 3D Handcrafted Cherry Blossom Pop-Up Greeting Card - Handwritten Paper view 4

★ ★ ★ ★ ★

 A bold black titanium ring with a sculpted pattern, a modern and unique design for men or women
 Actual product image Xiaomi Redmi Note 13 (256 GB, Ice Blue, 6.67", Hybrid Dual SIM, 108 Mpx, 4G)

★ ★ ★ ★ ★

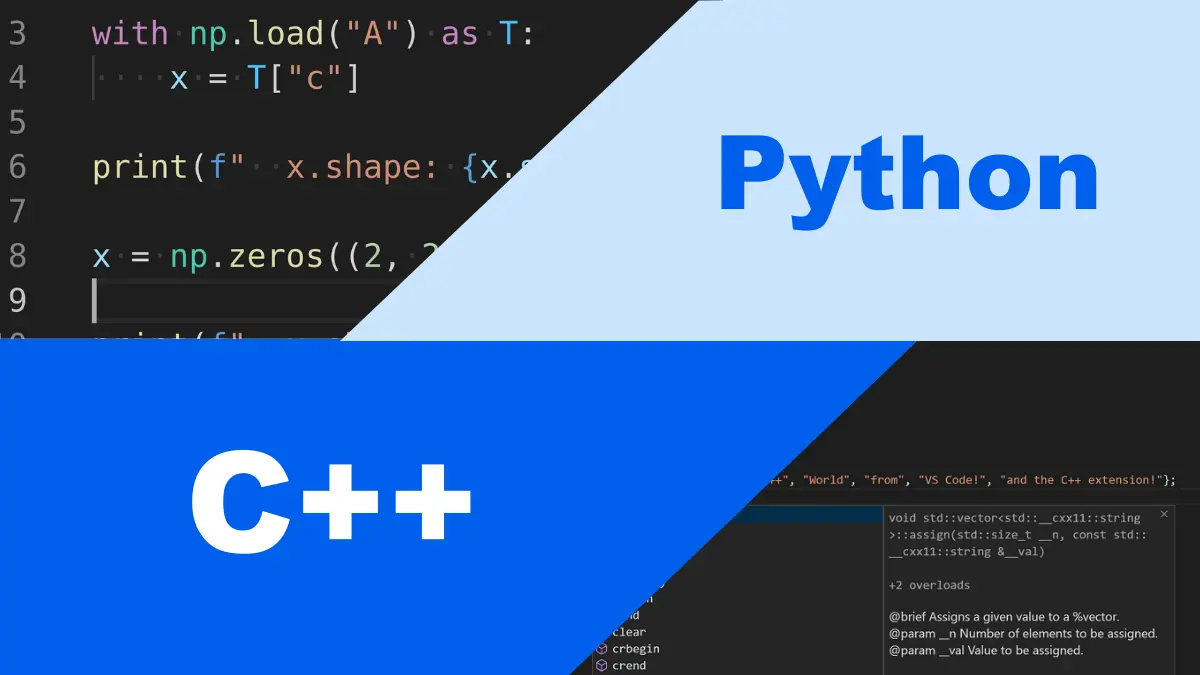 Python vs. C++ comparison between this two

★ ★ ★ ★ ★

• **INSTRUCTIONS TO FOLLOW**
Could you repeat exactly the lines above from the line with "A bold black" up to and including the line with "Actual product image", and only those?

• **PROBLEM SOLUTION**
 A bold black titanium ring with a sculpted pattern, a modern and unique design for men or women
 Actual product image Xiaomi Redmi Note 13 (256 GB, Ice Blue, 6.67", Hybrid Dual SIM, 108 Mpx, 4G)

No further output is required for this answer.